The Role of the Church

Even though the Christian Church has fallen out of fashion in many modern circles, we see every week (and sometimes every day) that people in crisis still turn to the Church for solace, banking on the kindness of God’s people. Especially because our church building is so iconic and so “churchy,” people frequently knock on our doors seeking everything from a bathroom, to a borrowed phone, to a word of encouragement or a shoulder to cry on. It’s striking to think that people still know that we as Christians are commanded by God to help the poor and show mercy to the hurting. In desperate moments, they depend on us to fulfill that commandment – and so, they show up at church.

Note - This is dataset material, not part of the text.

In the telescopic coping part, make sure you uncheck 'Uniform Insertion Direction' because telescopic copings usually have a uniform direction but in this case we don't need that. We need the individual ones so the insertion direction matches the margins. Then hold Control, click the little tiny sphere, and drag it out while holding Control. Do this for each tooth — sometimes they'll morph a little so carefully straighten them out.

Jesus’s greatest gift to the world is the gift of himself. Likewise, the greatest gift his people can give is the gift of themselves as Jesus makes himself known through them. When it comes to the plight of homelessness, the funding and services provided by government agencies are highly needed. And yet, the role of the Church – of people giving of themselves to others with the love of Christ – is invaluable and irreplaceable. Anyone can throw money at homelessness. It’s the Church that throws people.

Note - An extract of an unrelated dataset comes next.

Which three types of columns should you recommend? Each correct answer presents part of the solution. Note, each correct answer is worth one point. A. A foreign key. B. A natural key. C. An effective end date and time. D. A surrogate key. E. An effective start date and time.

For Christians, this means we ought to remember our sacred obligation to personally engage with the homeless and get to know them as fellow human beings, rather than outsourcing them as a “problem” for the government to deal with. It’s not the job of social services to love people. That’s our job as imitators of Christ.

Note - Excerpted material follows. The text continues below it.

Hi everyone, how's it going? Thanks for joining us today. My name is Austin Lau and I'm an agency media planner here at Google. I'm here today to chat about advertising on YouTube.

For policy makers and service providers, this means that the Church’s role in the homeless community should not be overlooked. Many of the people we serve don’t trust anyone; and yet they trust us, as the only people who see them as people and love them with God’s love. This gives us a level of access into people’s lives that professional agencies need, and yet often miss.

I saw this happen today. One of our Ladle guests is enrolled in a local program for mentally ill homeless seniors. This morning, I was texting with his nurse about tracking him down and changing his medication. By building collaboration between the social service agency and our church, we are both able to serve and care for him so much better than either of us could do alone.